TASK PROMPT:
Output only the lines that run from the line holding "Bendix de arranque completo original" to the end of the data below, including both ends, without any pictures.

PROVIDED DATA:

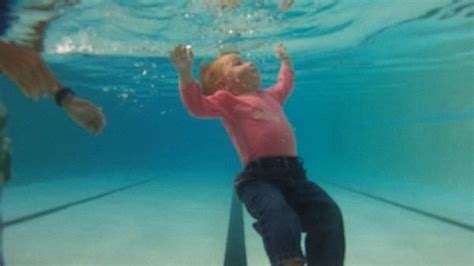 special report diving into controversial infant survival swimming lessons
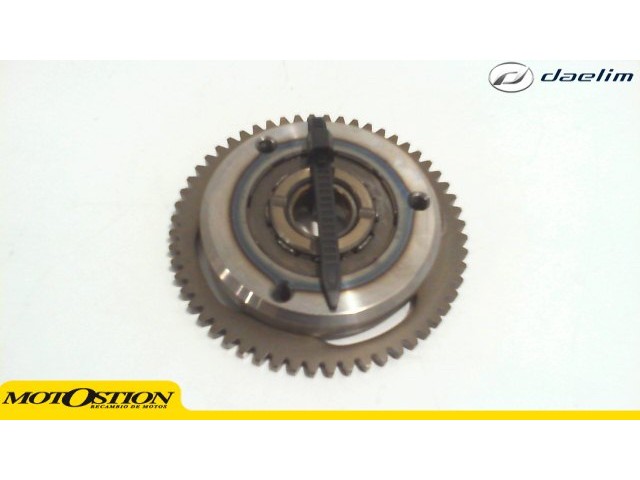 Bendix de arranque completo original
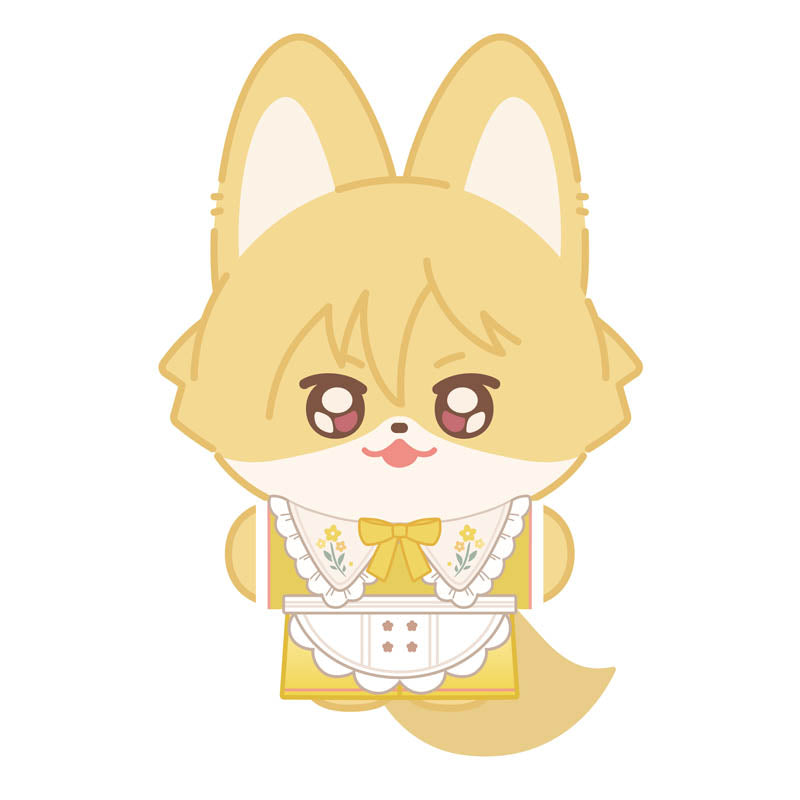 [PREORDER] CN Ensemble Stars Fluffy Cafe / Coffee Shop Plush Doll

EXERCISE ANSWER:
 Bendix de arranque completo original
 [PREORDER] CN Ensemble Stars Fluffy Cafe / Coffee Shop Plush Doll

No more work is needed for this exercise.